If you want to talk volume I can guarantee that we would be seeing more of these on the street if GM put in the turbo ecotec and charged a bit more instead of trying to compete against the base compacts at too high a price.
Interestingly enough, it’s actually manufactured in Belgium, with nearly half of the parts being German, if I recall the sticker correctly. Only 3% of the parts came from the states…
…the badges?
So GM wants to build this vehicle in Mexico and then sell it here in the US? WoW! Where is the patriotism? How about creating jobs for Americans? What’s with all the Patriotic B.S. and claims that they need bailout money because car manufacturing is vital to national security? So let me get this straight: They want to use tax payer money to invest in Mexico? No thank you!
Ah, but the Astra with the strong (well, strong-er) engine some are talking about IS available…just not in the US.
It’s called the Opel Astra OPC/Vauxhall Astra VXR and it comes with the 240PS/230N-m (236hp/236lb-ft) version of the turbo 2.0L four.
Hell, it’s even sold here in Hong Kong, although I’ve yet to actually see one on the road.
How about offering an Astra that gets better listed mileage than my Malibu? And its close to the same price?
Actually, if Chevy would put the 6 speed in the ls and LT models it would get better mileage and cost with in 2k.
THINK GM!!
“reports that the next-gen Astra will be built at the St Louis Potosi plant in Mexico”

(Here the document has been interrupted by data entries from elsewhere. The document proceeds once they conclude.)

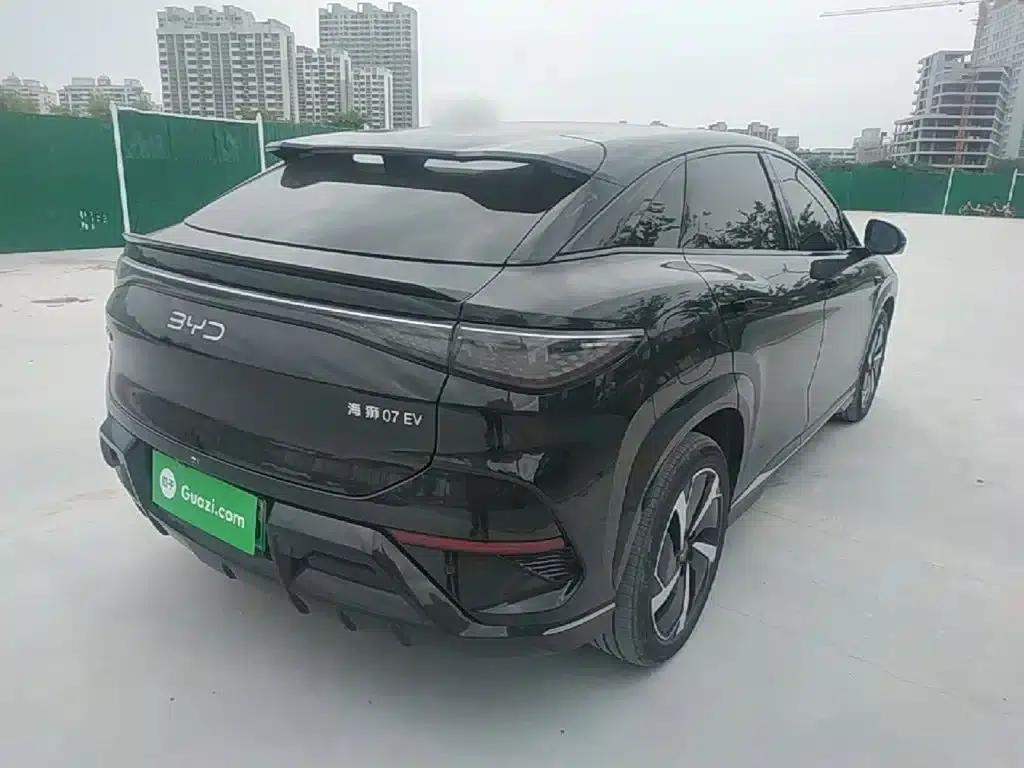 Hiace 07 EV 2024 Model 610 Long Range Version — миниатюра 7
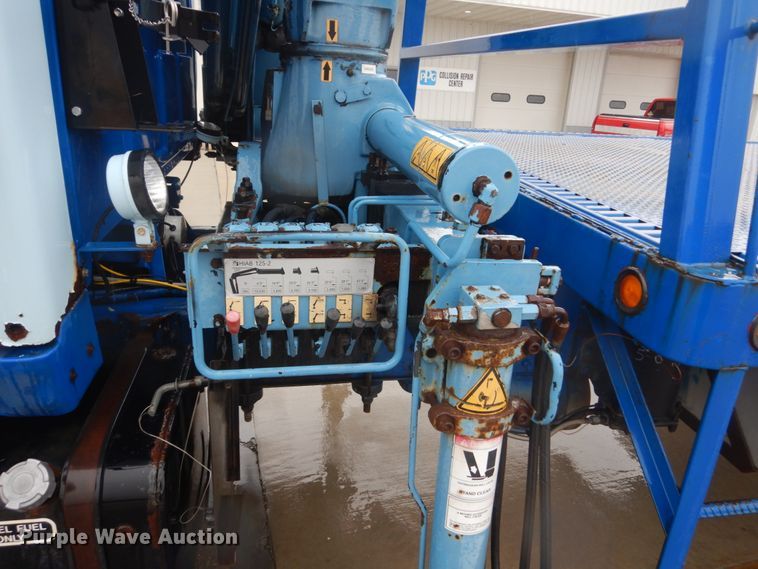 image for item FX9011 1997 Ford Louisville L8000 crane truck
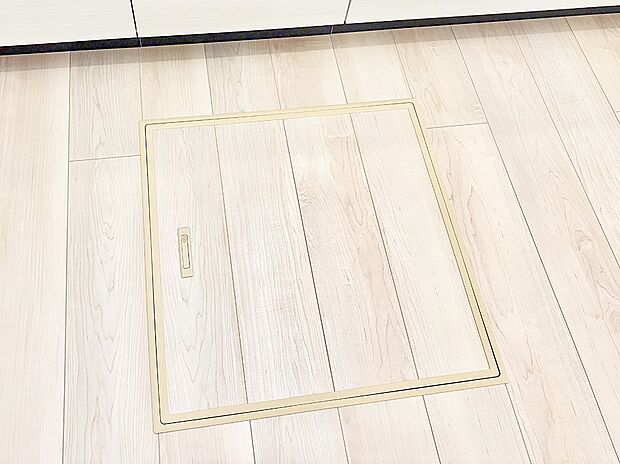 【床下収納】■隠れた収納スペースで家全体がスッキリ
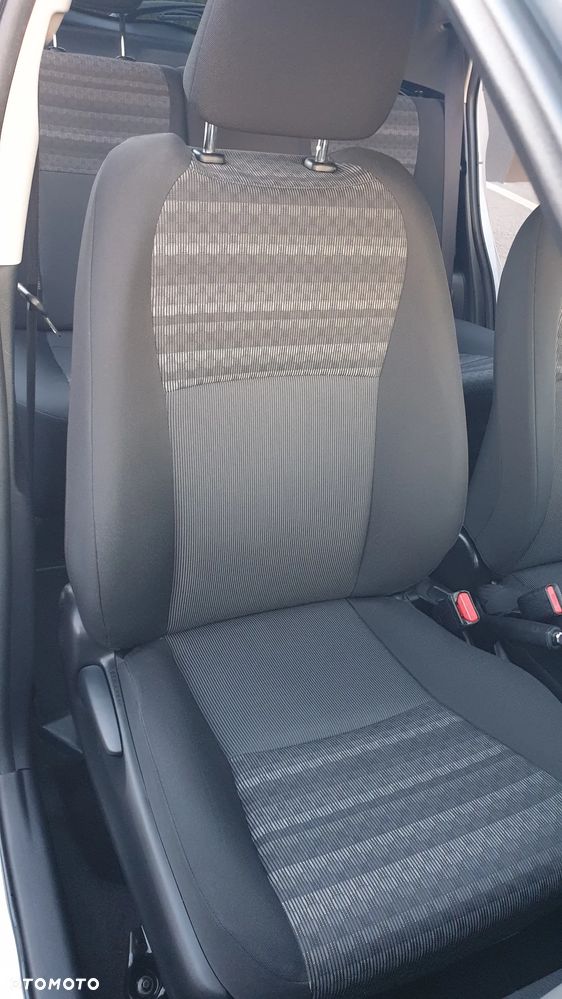 Toyota Yaris - 24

Is that anywhere near San Luis, Missouri?
no_slushbox:
Re: “The Rabbit is hecho en Mexico”
The Rabbit is made in Germany – at least the one sold in Canada. IIRC, the recent Golfs were made in Brazil, not Mexico (the Jetta’s a different story).
I don’t think their marketing team knows how to sell this car. I mean watch…
If they had gone more like the Opel version…
People might have actually noticed.
I think I have seen an Astra on the road exactly one time (and I drive about 300 miles a week on I-5 near Portland Oregon). It’s amazing that these things can’t, don’t or won’t sell when Focii and such are flying off the shelves.
For the record, I have seen nine locally. No, they were not on the dealer’s lot…
Tyler: So, where in Europe are you from? :)
Yeah, after reading the features list and actually driving the car, I actually asked the salesman “WHY don’t I see these things EVERYWHERE?” Esp. for the 17K and a song they’re going for now.
I reeeeallly hope the next-gen “americanized” version isn’t as crapped out as certain other economy cars (cough ahem Scion xB).